Presidential Candidate for the Socialist Workers Party: Linda Jenness

Like Dr. Spock, Linda Jenness was running for the presidency in 1972. Her run for the U.S. presidency was unusual in several respects. At the time of her candidacy, she was only the second woman to have ever run for the presidency.43 She was only thirty-one years old in 1972, making her constitutionally disqualified for the presidency because she had “not attained the age of thirty-five.”44 This inconvenient truth did not stop her from campaigning across the country.

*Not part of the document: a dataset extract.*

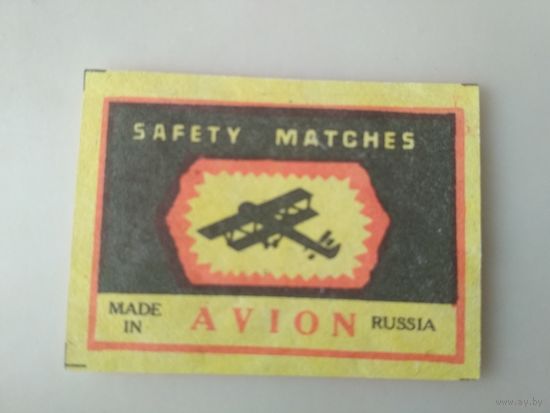 Спичечные этикетки ф.Пролетарское знамя. AVION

Jenness’s politics were certainly not within the mainstream of America in 1972. As a member of the Socialist Workers Party, she held very extreme libertarian views, to include de-criminalizing all “victimless crimes” and “abolishing” the FBI.45 She believed that black and Hispanic communities should be responsible for establishing rules on heroin and narcotic use and distribution since these “oppressed nationalities” were the communities “most affected by them.”46 Not surprisingly, she shared Dr. Spock’s anti-war views, and the two routinely campaigned together, despite the fact that they were vying for the same job.47 Thus, with their respective running mates, both Dr. Spock and Linda Jenness sought access to Fort Dix in 1972 to hold a joint campaign rally.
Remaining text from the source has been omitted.